Her hand brushed the underside of the desk.
A rough texture.
Lisa froze.
She leaned down. Near the corner where Silvio used to rest his hand while talking to her was a tiny carving no bigger than a coin. A lily.
Her name.
Heart hammering, she pressed it.
The desk hissed softly as a hidden compartment slid open.
Inside wasn’t a ledger.
It was a velvet-lined box holding a small wooden bird hand-carved, imperfect, familiar. The same kind Silvio had been carving the night everything burned.
Beside it lay a folded note.
To my Queen of Ashes.
Lisa’s breath caught.
She unfolded the paper with shaking hands.
If you are reading this, I am already a memory. Do not look for power in shadows and secrets. Dante believes control lives in information, but real power lives in choice.
The ledger he seeks is a lie. A trap meant to destroy whoever steals it.
The true heart of the Moretti legacy rests beneath San Marco Cathedral. The key is the ring I gave you. Use it only if you are prepared to burn the world to keep our child safe.
P.S. I knew the truth, Lisa. I always did. It never mattered. He is mine because you are mine.
The room spun.
Lisa collapsed back into the chair, clutching the note to her chest as sobs tore free. He had known. He had chosen her anyway. He hadn’t died for a name or a lie he had died for love.
Footsteps sounded in the hall.
Lisa moved instantly, hiding the bird and shoving the compartment shut. She tucked the note into her bra just as the lock snapped.
Dante walked in.
His blue eyes swept the room, sharp and hungry. He took in her tear-streaked face and smiled.
“You found it,” he said casually. “I watched you on the security feed.”
Lisa stood, forcing steadiness into her limbs. “I found memories. Nothing more.”
He crossed the room in three steps and grabbed her wrist, grip bruising. “Don’t lie to me. Where’s the ledger?”
She met his gaze and saw it clearly now ambition stripped bare, humanity long gone.

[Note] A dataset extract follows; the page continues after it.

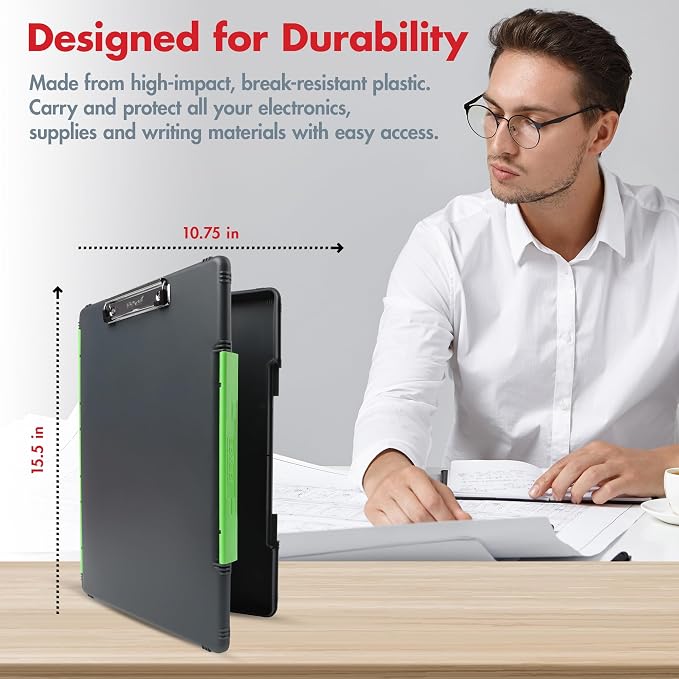 Dexas Legal Size XL Slimcase 2 Storage Clipboard, 15.5" x 10.5" - Image 3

“It isn’t here,” she said. “Silvio moved it.”
Dante’s eyes narrowed. “Where?”
“The Cathedral,” she replied, giving him just enough truth to be dangerous. “But it’s timed. Midnight.”
Silence stretched.
Then Dante smiled, victorious. “It’s always about buying time. Fine. Midnight it is.” His voice hardened. “But if that vault is empty, the first thing I do is tell my mother whose blood you’re carrying. She’s already waiting with a doctor.”
He patted her cheek and left.
Lisa stood alone in the study, Silvio’s scent wrapping around her like armor. She pressed a hand to her chest, feeling the paper beneath her skin.
She had the truth.
She had the key.
And for the first time, she had resolve.
“I’ll burn it all down,” she whispered. “Just like you trusted me to.”